SEC backs investors’ claim Merrill rigged ARS market, lawyer says
jgoff, 08 December 2011
Auction-rate securities holders seeking to win back part of the $330 billion they’ve invested, may get help from a U.S. Securities and Exchange Commission legal brief supporting claims that Merrill Lynch & Co. rigged the moribund market, a lawyer involved in the case said.
Merrill Lynch, now part of Bank of America Corp., failed to adequately inform investors of its alleged role in “propping up” auctions, the SEC said in the brief, filed in the U.S. Court of Appeals for the Second Circuit in New York.
“We think the SEC has come down on the side of investors,” Jonathan Levine, a lawyer with Girard Gibbs in San Francisco, said in a telephone interview. His firm represents investors in the appeal.

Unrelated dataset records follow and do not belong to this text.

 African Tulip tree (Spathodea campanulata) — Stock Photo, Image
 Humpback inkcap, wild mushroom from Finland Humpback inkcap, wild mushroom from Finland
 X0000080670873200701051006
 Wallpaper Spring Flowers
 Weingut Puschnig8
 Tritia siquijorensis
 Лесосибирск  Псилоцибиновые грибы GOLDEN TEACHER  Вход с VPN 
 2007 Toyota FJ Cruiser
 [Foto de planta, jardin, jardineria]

SEC Chairman Mary Schapiro moved to reinvigorate the enforcement unit after President Barack Obama appointed her in January 2009. Investigations surged by 32 percent and the agency went to court seeking emergency orders four times as often as it did a year earlier, Enforcement Director Robert Khuzami said at a congressional hearing in May 2009.
If the court agrees with the SEC’s argument, it may lead to the reversal of other dismissed auction-rate cases alleging brokers and dealers rigged the market, Levine said. “Now it depends on whether the court accepts the view of the SEC.”